From ergodic theorem we can see that:
$\frac{1}{N} \sum_{i}f(x_{i}) \to {E}[f(x)]$ as $n \to \infty$
Does this imply that in ergodic process we can similarly write:
$\frac{1}{N} \sum_{i}E[f(x_{i})] \to \lim_{n \to \infty}{E}[f(x_{n})]$
If this statement is right, then I am a little bit confused about how can we write this?
Fist of all, I think you should correct your writing. At first I was a little confused, because I thought by $x_n$ you mean random variables, but now I think I got what you mean. Please, for the next time write every infromaiton you have, this makes it much easier for others to answer.

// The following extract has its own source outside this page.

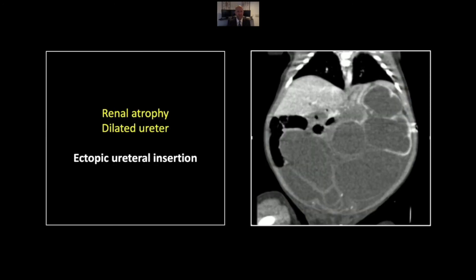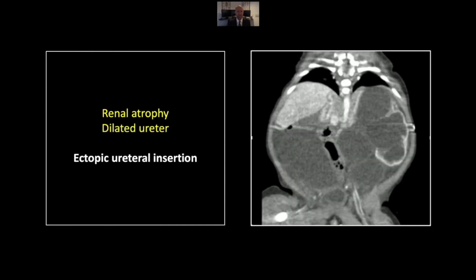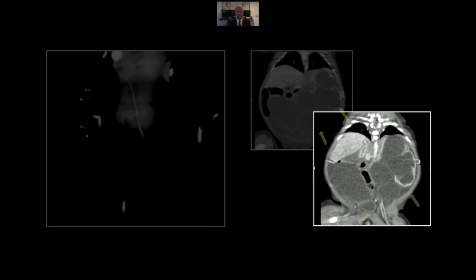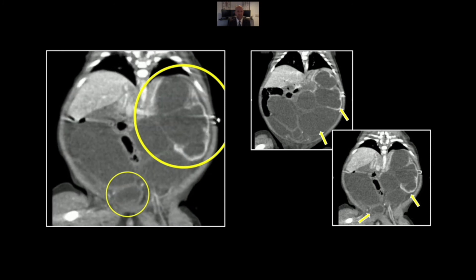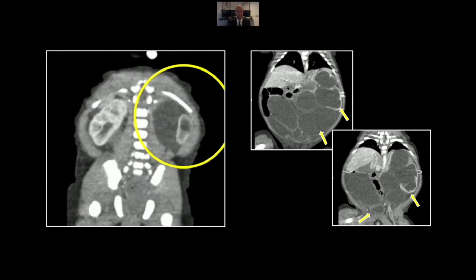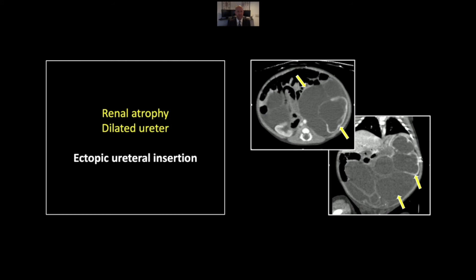I have this on a coronal as well, which really helps you appreciate the thinning of the cortex and the dilation of that ureter. And here is its ectopic insertion at the posterior aspect of the bladder. That is an ectopic ureteral insertion causing chronic obstruction and dramatic hydroureter and hydronephrosis.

We assume $f\in\mathcal{L}^1(P)$, $x\in X$ ($(X,\sigma,P)$ is your probability space) and $T$ is a measure-preserving transformation. We write $x_i$ for $T^ix$. Then from ergodic theorem follows $$\frac{1}{N} \sum_{i}f(x_{i}) \to {E}[f]\qquad (N\to\infty)\qquad a.s.$$ Define $f^n(y):=f(T^n y)$. Since $T$ is a measure-preserving transformation we have $$E[f^n]=E[f].$$ I think this is what you mean by the rhs of your second equation. The expression $E[f(x_n)]$ doesn't make any sense to me, since we are not talking about random variables. So what you want to show is $$\frac{1}{N} \sum_{i}E[f^i] \to \lim_{n\to\infty}E[f^n]\qquad(\ N\to\infty).$$ But on the lhs you have $\frac{1}{N} \sum_{i}E[f^i]=\frac{1}{N} \sum_{i}E[f]=E[f]$ and on the rhs $E[f^n]=E[f]$. So there is nowhere the need of the limit.